Friday, December 28, 2012
Theater review: The Blue Man Group ignites wonder at the Winspear
Audience participation is encouraged.
DALLAS Look! Up there on the stage! It's a comedy! It's a concert! It's a party! No, wait! It's the Blue Man Group!
From the opening use of two scrolling marquees to encourage audience participation and laughter, to the finale including curly streamers being shot out of tubes into the theater, the Blue Man Group is a high-energy, entertaining spectacle. On the surface, it appears to be a show with three identical characters, each wearing nondescript black suits, blue gloves, and blue paint slathered all over their heads. In reality, the show involves three unique characters and a message which underlies the entertainment.
The Blue Man Group was founded in 1987 by Chris Wink, Matt Goldman, and Phil Stanton. It has since grown to include performances around the world with over 100 blue men and musicians on tour.
The characters were developed by Wink, Goldman, and Stanton during random appearances, called "happenings" as they would walk through public areas dressed in the simple suit and blue head. The reactions of the people they met and their various expressions helped them develop both the nuances of the characters and the interactions they would have with their audiences.
The result of their efforts led to the tour I had the opportunity to see at the Winspear Opera House in Dallas. Walking into the auditorium, the giant chandelier hanging from the center of the house was colored blue to set the mood, and there were two small marquees across the top of the stage.
When the performance began, the chandelier was raised into the ceiling and the marquees began scrolling words, encouraging the audience to yell if they were paying attention and calling out members of the audience for special attention. When the lights were completely down, the music began and I knew I was in for a treat.
I want to talk a little about seating. If you wish to experience the Blue Man Group at its finest, try to get seats in the front orchestra section. You will have the most interaction and the best chance for an up-close view of a Blue Man or two. This section is also where audience participants are chosen.
The first few rows of the section are called the "poncho seats" – anyone who sits there gets a complimentary clear plastic poncho to wear in case some of the materials on stage fly out into the audience. The show's website encourages attendees to wear casual clothes to this show so that it won't matter if they get messy.
Around the mezzanine and balconies there is sure to be a great view of the show, but you'll have to live vicariously through those seated in the orchestra section during some parts of the show.
The music throughout the show appeals to that primitive aspect of us that embraces the drum.

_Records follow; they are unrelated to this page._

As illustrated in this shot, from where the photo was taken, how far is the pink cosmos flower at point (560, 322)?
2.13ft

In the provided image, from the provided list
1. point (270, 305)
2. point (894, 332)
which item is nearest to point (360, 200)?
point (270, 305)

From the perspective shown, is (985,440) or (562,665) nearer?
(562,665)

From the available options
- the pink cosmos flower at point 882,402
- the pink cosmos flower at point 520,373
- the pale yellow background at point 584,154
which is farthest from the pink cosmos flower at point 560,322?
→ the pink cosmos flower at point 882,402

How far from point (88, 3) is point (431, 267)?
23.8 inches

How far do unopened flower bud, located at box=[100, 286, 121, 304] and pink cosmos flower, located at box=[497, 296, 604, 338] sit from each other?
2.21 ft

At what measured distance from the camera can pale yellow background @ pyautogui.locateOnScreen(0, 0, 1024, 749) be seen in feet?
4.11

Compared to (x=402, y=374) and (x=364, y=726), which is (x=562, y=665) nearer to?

Whether playing the "drumbone" or the "tubulum," the beats get the audience moving and mesmerizes them at the same time. The drumbone is a set of large PVC pipes hooked together that, when beat with a mallet, produce a unique, deep note. The pipes work like a trombone – as the pipes are slid, the note becomes higher or lower. The tubulum is a curious looking portable affair worn on the back. Its tubes wrap around the performer giving the appearance of an armchair. When struck with a mallet, the tubes emit a metallic note. All of the instruments played by the Blue Men are unique, and all involve drumming. I imagine the fellows who tour with the group get a good arm workout during each show.

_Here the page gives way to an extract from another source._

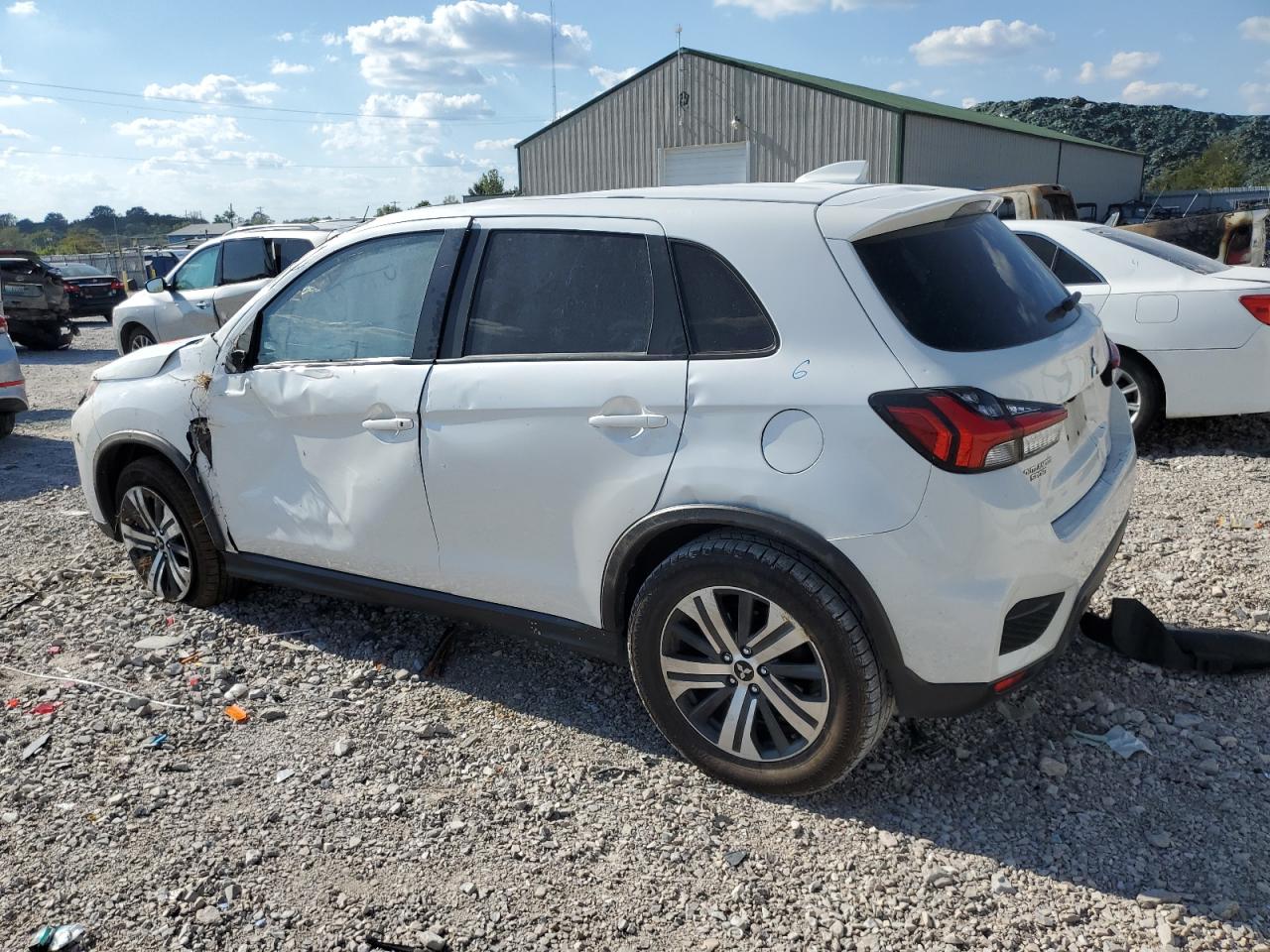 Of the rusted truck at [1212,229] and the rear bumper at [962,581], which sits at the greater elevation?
the rusted truck at [1212,229]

There are also musicians including drummers and guitarists who easily integrate into the performance due to their costumes. They all wear plain black costumes with colorful outlines on them. The striking result when combined with the lighting of the show is the illusion of colorful, skeleton-like figures moving with the beat as they play their instruments.
Costuming seems simple, but as the show progresses it is revealed just how complex it is. I mentioned the use of color and lights for the musicians, but every costume has its own intricacy. The Blue Mens' costumes can also emit substances from the chest. During one part of the show their costumes includes lights that, combined with the colors and lighting of other dancers, produce a fantastic visualization of 2D figures stepping into a 3D world. The entire show has parts that work well together – the lighting, the costumes, and the use of space.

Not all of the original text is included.